Experienced 'javari-makers' will agree that the 'javari' has to be made specific to certain string lengths, gauges and pitches and certain amplitudes. The curvature of the bridge of the main strings of a sitar will be different from that of the smaller and lower bridge in front of the main bridge, which carries the sympathetic resonance-strings (tarafs). As this choir of thinner and shorter strings is excited solely by the sympathetic resonance with the tones played on the main strings, the general amplitude is smaller, so accordingly the curvature will be flatter.

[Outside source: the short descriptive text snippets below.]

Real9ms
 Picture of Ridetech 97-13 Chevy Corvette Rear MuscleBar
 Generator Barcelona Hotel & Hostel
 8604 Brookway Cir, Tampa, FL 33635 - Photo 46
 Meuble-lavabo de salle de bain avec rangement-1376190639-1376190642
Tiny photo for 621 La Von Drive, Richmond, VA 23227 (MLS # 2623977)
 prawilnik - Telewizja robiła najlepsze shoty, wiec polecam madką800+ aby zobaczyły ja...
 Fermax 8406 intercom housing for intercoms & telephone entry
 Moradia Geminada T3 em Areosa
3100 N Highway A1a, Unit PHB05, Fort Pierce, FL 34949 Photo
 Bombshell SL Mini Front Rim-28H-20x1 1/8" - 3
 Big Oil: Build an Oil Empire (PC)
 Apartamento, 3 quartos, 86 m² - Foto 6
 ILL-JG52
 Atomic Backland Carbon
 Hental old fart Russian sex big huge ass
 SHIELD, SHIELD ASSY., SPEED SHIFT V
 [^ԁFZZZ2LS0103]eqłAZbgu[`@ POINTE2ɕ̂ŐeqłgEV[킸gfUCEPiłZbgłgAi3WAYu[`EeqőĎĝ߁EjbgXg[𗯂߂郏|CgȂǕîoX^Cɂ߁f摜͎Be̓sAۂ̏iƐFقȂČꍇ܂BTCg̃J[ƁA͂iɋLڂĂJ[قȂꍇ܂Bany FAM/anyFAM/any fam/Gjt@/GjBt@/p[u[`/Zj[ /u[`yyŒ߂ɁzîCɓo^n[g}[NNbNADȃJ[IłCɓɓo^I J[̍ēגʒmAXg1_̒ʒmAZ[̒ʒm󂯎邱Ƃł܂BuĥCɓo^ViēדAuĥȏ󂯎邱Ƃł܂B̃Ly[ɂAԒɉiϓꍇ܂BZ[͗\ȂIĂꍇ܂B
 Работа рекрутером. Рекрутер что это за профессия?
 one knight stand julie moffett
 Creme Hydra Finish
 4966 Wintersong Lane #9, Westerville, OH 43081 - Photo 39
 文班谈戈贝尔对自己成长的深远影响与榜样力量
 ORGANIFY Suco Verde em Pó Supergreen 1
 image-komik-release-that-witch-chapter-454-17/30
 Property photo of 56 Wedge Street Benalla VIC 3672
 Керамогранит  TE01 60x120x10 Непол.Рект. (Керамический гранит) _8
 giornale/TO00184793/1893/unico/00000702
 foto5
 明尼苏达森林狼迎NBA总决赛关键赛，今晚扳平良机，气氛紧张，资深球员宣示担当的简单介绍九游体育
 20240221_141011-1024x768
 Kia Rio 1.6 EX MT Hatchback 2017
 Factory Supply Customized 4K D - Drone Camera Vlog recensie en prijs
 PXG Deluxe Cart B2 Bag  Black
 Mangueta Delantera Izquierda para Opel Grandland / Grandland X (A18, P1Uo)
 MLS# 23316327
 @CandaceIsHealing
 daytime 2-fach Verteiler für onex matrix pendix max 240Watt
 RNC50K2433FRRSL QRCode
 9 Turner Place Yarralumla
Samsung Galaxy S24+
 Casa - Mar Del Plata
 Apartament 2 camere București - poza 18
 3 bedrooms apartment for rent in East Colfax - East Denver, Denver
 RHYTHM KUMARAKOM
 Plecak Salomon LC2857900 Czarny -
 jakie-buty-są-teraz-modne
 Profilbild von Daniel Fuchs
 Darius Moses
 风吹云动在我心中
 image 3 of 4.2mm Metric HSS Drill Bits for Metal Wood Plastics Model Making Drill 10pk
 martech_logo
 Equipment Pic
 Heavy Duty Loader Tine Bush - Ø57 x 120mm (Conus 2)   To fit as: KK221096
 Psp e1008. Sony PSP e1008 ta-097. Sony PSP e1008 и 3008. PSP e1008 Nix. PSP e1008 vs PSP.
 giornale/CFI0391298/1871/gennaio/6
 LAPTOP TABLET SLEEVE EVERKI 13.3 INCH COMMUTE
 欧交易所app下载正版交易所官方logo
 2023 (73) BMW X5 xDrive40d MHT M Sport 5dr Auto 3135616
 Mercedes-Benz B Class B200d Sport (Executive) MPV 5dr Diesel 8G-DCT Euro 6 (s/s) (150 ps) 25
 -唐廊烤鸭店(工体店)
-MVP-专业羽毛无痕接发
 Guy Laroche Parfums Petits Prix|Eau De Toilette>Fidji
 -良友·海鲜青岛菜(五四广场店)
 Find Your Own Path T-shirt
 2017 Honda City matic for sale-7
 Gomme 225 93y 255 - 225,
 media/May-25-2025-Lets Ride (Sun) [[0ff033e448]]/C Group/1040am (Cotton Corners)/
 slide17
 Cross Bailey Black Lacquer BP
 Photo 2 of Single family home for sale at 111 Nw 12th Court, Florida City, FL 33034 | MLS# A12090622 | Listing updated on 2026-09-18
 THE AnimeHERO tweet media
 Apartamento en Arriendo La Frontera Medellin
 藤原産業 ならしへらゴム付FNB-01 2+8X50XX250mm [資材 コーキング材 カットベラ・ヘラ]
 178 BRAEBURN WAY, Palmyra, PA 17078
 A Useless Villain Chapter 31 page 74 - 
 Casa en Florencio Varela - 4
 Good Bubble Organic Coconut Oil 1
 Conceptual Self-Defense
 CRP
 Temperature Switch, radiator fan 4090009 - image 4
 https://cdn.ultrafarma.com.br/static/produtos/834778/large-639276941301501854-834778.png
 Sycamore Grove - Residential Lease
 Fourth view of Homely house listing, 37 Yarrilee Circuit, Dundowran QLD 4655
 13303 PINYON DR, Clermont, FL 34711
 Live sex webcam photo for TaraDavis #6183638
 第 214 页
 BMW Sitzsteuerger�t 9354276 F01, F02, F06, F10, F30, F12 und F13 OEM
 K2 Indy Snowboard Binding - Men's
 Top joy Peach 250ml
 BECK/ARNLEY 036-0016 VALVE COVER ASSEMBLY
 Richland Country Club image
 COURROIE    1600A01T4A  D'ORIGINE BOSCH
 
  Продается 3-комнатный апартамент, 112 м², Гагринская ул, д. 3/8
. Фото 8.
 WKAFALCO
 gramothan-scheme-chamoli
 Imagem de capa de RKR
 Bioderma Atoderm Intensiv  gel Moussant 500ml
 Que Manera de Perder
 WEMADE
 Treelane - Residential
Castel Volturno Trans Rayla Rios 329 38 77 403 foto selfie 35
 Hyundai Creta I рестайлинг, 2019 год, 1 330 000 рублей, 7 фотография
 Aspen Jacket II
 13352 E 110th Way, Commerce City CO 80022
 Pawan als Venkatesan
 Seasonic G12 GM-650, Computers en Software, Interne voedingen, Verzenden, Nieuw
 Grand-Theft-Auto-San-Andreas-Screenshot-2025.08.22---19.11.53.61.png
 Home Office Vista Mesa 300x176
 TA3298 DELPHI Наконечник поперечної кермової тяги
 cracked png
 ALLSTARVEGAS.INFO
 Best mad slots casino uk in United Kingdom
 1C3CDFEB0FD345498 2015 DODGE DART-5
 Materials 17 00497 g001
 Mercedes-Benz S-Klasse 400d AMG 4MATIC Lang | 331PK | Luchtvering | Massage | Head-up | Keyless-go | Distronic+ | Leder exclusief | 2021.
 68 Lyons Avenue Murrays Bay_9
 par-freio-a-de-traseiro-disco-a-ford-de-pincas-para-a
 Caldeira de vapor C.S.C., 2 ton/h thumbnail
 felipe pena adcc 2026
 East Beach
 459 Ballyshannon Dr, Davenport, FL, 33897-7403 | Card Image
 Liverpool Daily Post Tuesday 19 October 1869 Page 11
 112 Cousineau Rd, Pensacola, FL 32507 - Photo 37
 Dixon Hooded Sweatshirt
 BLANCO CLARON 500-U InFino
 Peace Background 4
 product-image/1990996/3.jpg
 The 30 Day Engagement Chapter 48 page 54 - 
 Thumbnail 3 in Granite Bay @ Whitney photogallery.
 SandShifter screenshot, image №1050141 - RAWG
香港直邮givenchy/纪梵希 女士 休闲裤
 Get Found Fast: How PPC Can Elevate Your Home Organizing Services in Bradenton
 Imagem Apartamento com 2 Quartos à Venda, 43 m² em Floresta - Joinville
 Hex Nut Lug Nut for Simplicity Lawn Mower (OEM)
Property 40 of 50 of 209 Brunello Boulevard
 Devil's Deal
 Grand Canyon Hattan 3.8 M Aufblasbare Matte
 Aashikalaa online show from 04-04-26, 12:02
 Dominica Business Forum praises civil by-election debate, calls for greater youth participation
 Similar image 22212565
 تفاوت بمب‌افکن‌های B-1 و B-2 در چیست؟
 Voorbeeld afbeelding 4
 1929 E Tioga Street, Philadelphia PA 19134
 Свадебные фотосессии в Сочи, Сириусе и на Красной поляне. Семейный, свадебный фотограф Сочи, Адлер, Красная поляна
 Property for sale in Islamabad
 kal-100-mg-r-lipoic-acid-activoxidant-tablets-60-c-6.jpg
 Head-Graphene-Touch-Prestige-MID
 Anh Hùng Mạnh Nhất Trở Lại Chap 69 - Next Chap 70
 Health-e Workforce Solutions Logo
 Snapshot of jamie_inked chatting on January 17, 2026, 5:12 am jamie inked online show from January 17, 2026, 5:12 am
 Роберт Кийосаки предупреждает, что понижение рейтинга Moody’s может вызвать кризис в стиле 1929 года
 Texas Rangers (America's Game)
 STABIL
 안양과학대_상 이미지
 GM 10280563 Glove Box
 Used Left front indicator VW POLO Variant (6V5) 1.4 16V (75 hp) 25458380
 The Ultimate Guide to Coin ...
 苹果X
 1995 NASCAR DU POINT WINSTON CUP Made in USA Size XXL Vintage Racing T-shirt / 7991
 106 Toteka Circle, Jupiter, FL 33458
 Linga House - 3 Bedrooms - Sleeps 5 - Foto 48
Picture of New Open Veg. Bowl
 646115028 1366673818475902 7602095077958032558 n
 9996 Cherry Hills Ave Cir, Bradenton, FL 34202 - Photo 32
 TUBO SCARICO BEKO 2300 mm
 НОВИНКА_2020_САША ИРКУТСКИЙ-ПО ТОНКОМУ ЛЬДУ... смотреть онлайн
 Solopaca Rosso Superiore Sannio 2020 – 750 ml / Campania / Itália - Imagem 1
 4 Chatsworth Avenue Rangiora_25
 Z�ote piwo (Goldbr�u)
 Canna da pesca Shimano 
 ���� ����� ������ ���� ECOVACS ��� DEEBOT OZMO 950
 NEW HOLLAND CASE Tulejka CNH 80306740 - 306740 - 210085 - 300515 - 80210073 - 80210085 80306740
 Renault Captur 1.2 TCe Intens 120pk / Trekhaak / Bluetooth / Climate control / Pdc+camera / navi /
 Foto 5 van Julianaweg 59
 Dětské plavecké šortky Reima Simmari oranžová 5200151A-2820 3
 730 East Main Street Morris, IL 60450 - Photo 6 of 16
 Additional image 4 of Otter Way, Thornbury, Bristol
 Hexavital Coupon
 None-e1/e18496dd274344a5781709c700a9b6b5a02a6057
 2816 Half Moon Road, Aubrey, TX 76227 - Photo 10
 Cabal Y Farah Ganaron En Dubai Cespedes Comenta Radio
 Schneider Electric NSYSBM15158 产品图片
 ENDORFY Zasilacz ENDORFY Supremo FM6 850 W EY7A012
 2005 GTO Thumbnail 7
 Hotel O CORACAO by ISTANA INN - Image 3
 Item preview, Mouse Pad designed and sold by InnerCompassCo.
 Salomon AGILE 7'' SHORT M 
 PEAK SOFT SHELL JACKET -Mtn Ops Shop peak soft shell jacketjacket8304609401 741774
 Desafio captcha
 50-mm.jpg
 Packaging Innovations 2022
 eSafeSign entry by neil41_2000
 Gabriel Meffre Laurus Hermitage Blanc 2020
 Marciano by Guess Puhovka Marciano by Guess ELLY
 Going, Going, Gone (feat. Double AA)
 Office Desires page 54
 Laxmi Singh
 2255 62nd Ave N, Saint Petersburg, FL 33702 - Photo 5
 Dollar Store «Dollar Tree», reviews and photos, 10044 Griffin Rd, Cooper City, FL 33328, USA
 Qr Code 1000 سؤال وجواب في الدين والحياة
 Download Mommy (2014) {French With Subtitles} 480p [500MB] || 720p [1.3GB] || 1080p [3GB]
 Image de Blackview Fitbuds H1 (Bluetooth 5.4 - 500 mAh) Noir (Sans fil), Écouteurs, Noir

The making of a perfectly sounding javari for any instrument requires a very high degree of skill and expertise. Tanpuras are the only instruments that are always used with jiva-threads, except the octave-tamburis. Sitar, Rudra Veena, Sarasvati Veena, all have parabolic wide javari bridges for the main playing strings. Sarod and Sarangi have some of their sympathetic resonance strings (tarafs) on small, flat javari-bridges similar to that of the sitar. The javari of a sitar will be made according to the wishes of the player, either 'open',('khula') with a bright sounding javari-effect, or 'closed' ('band') with a relatively more plain tone, or something in between ('ghol'). The choice depends on the preference of the sitar-player and on the adapted playing style.